Promesas incumplidas. Esta es una lucha que viene de largo en las culturas indígenas. Mason trae a colación, por ejemplo, las protestas protagonizadas por los nativos de Hawai en 2013, cuando una fotografía de Iolani Luahine (1915-1978), una figura cultural de las islas, fue usada en una campaña publicitaria de la Fundación del Estado de Hawai de Cultura y las Artes (HSFCA). La cabeza y las manos de Luahine se borraron digitalmente, y la imagen resultante se reprodujo profusamente en carteles, camisetas o bolsas. Por contra, está el caso del Museum für Völkerkunde (Museo Etnológico) en Hamburgo (Alemania), que tiene en custodia la talla Rauru de una casa de reunión maorí. Descendientes de la casa trabajaron en colaboración con el museo para su restauración en 2012.

«En el contexto de Aotearoa-Nueva Zelanda, el posicionamiento sobre los tesoros culturales está conectado a una historia que se remonta al artículo 2 del Tiriti Waitangi (Tratado de Waitangi), documento fundacional de Nueva Zelanda de 1840», agrega Ngahikara Mason.
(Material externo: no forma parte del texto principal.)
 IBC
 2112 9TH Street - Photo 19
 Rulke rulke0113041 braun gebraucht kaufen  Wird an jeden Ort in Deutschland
Lo cierto es que ha costado más de un siglo conseguir que aquel tratado, firmado por los 46 rangatira (líderes maoríes) y el Gobierno inglés tras las llamadas Guerras del Mosquete entre colonos y nativos, se cumpla mínimamente. En aquel acuerdo se les aceptaba como ciudadanos de pleno derecho –cosa que evidentemente no se cumplió– y a la vez se fijaba su derecho a la tierra –algo también que se ha incumplido–. En 1975, 135 años después de la colonización británica, tuvo lugar lo que se considera como el inicio del movimiento por la tierra maorí, con las marchas “No One More Acre of Maori Land” (Ni un acre de tierra más). En 1995, el primer ministro Jin Bolger y la reina maorí Dame Te Ata firmaron el Acta de Liquidación, que fijaba en 170 millones de dólares neozelandeses lo que iba a recibir la confederación de tribus en concepto de pago por el robo histórico de sus tierras. Como en todo, hubo trampas legales y no se terminó de pagar lo debido.

Actualmente, continúa el movimiento por la preservación de esta cultura, con iniciativas como la creación de la cadena televisiva Maori Television Tahi, que emite en maorí o te reo maori. De los cuatro millones de habitantes de Nueva Zelanda, los maoríes son el segundo grupo demográfico más importante, con 500.000 personas. Por cierto, a los descendientes de los europeos les llaman pakeha.